Entertainment is a bit different. On stage, as my comedian brother says, you can say just about anything you want.
Comedians are the ultimate speech libertarians, and work hard to come up with the most extreme language possible. Google the movie The Aristocrats and you'll see what I mean.
Curse words are special
My theory is that people on stage or on screen are fictional personas; I remember my Calvinist father, who forbade any cursing at home, laughing hard in the audience as my brother used his considerable talent for profanity at the microphone.
But imagine if he'd come to our table and used the same language? That would have made it real, and real swearing is different.
In fact, write Timothy and Kristin Jay, the average "swearing generally draws from a pool of 10 expressions and occurs at a rate of about 0.5 per cent of one's daily word output."
George Carlin, who nailed our fear and hypocrisy about profanity better than anyone, praised swearing. Curse words, he said, are special — a privileged few among the English language's 400,000 or so.

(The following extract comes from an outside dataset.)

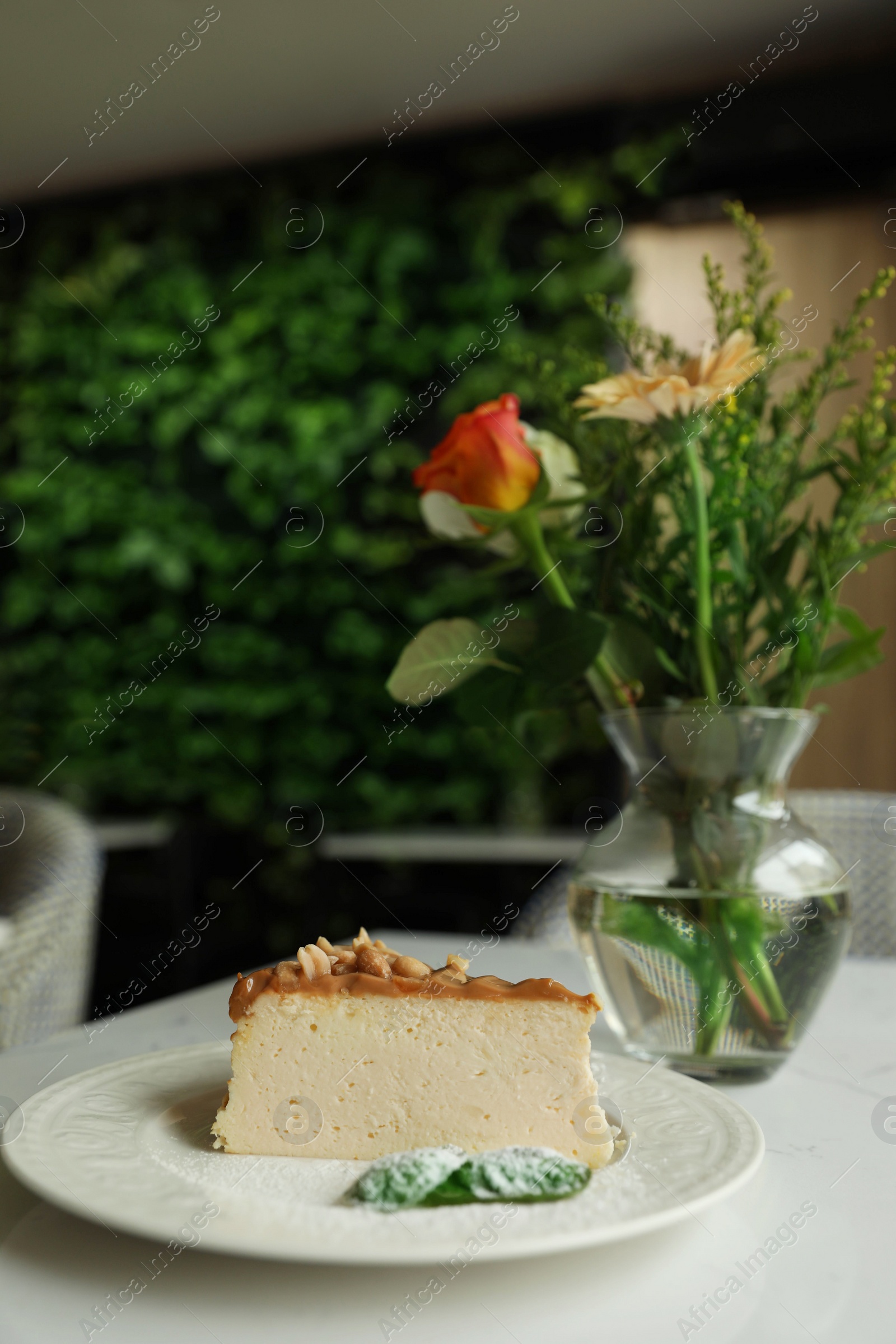 Photo of Tasty dessert and vase with flowers on white table in cafeteria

Many words start with "f," he noted, but only one is known as the f-word.
What's more, it can be used as a noun, transitive verb, intransitive verb, adjective, adverb, adverb modifying an adjective, and even dropped between the syllables of other words.
Carlin called it the best word, and predicted it will outlast every other word in English.
And yet I wrote this column without using it, or any other serious curse word, for that matter; and Prof. Persinger can no longer teach it in Sudbury.
Because, it seems, we need the moral reassurance of being offended.
To paraphrase Lenny Bruce, if everyone used those words all the time, they'd be useless.